Artist/Maker Benvenuti Artemio (1902-1950)
Date Production/Creation
20th century
Entry in the museum collection
Terminus post quem 1950
Place of origin
Ozzano Taro, Collecchio, Parma, Emilia Romagna, Italy, Europe
Current location
Ettore Guatelli Museum foundation, Ozzanno Taro, Italy
Material
Thin sheet of tin that has been assembled and flame-welded without the use of nails
Dimension
17.5 cm x 30 cm x 50.5 cm
Inventory Number 120
Keyword Container Recycle War
Copyright @Ettore Guatelli Museum Foundation
Status On display
Image Credit Mauro Davoli
Humans can be immensely resilient beings. The things we make speak to who we are.
What is this object about, who are the people behind it?
As Ettore Guatelli tells us in an oral account he transcribed, this suitcase, made from recycled tins, belonged to Benvenuti Artemio (1902-1950), a soldier held prisoner in Sidi Barrani, Egypt, between 1940 and 6 January 1946. Guatelli himself describes it as one of the finest objects in his collection, precisely because it is so brimming with life, so steeped in history. A suitcase can tell us many stories; for example, it bears witness to the sheer scale of a journey, of a person’s travels. This was illustrated at the Ettore Guatelli Museum through the installation "Cortina/Warsaw “39” 49 15 000".

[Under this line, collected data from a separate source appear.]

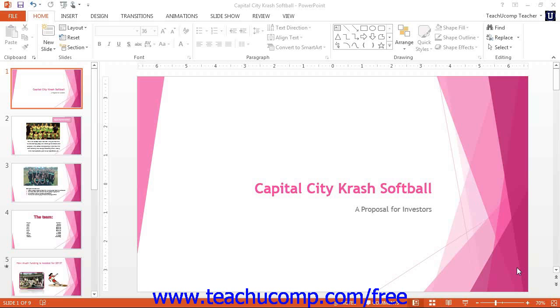You can make changes to the Notes Master to alter the appearance of the Notes page view of presentation slides. This is very similar to the Slide Master View, except it is for the Notes page view.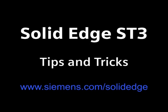To learn more, go to siemens.com forward slash solid edge, or call your local Solid Edge channel partner.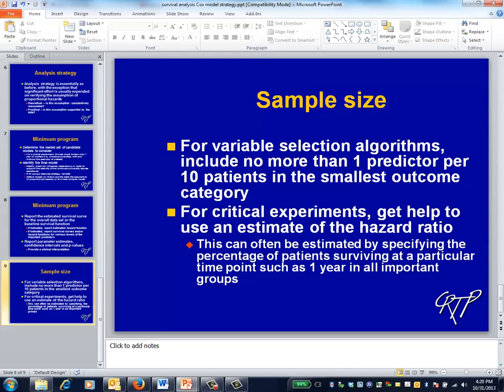Sample size calculations proceed in analogy with logistic regression. For variable selection, you usually use a rule of thumb based on the number of predictors in the smallest outcome category. For covariate adjustment, the sample size calculations are based on the estimated hazard ratio. We'll have a class exercise that illustrates how to generate hazard ratio estimates and also how to perform the power calculations.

What places is this object related to, how European/transnational is it?
Cortina/Warsaw “39” 49 15 000. In the notebooks that would later become the book Storia di Boris, Guatelli writes about getting to know his bedside neighbour at a sanatorium in Cortina d’Ampezzo in 1949. A Polish Jew named Boris who had fled Warsaw in 1939, he was staying at the sanatorium to receive treatment for bone tuberculosis, which he had caught soon after being freed from a Soviet camp in the Komi ASSR in 1941. Guatelli would go on to recount the story of Boris’ 15 000 km journey through Europe as he made his way back to Warsaw.
Why and how did this object arrive in the museum’s collection?
In the words of Ettore Guatelli himself: ‘I feel an affinity not with the canonised writers to whom I find myself compared (although they are often unknown to me), but with the workers and artisans, to whose workshops I would even bring my pupils to marvel at the skill and incredible virtuosity of these true masters. Much of what I know, I owe to these "common" folk, who I hold dear and whose stories I adore.’ (Magni C., Turci M. (ed.), Il Museo è qui. (The Museum is here.) The Ettore Guatelli Museum, Ozzano di Taro, Milan, 2005, Skira)
What is the relation of this object to waste?
The items displayed in the museum bear testimony to a world of spontaneous design based on improvisation. Their uniqueness resides in the farsightedness of those who refused to regard them as objects to be discarded because they were too old and had outlived their usefulness. Spontaneous design bears witness to human creativity in rethinking, adjusting and repairing objects, reflecting the ‘make do and mend’ philosophy of a rural community governed by the economic principles of reuse and recovery. Nothing was thrown away because everything could be used again, repaired ad infinitum, reassembled and put to different uses.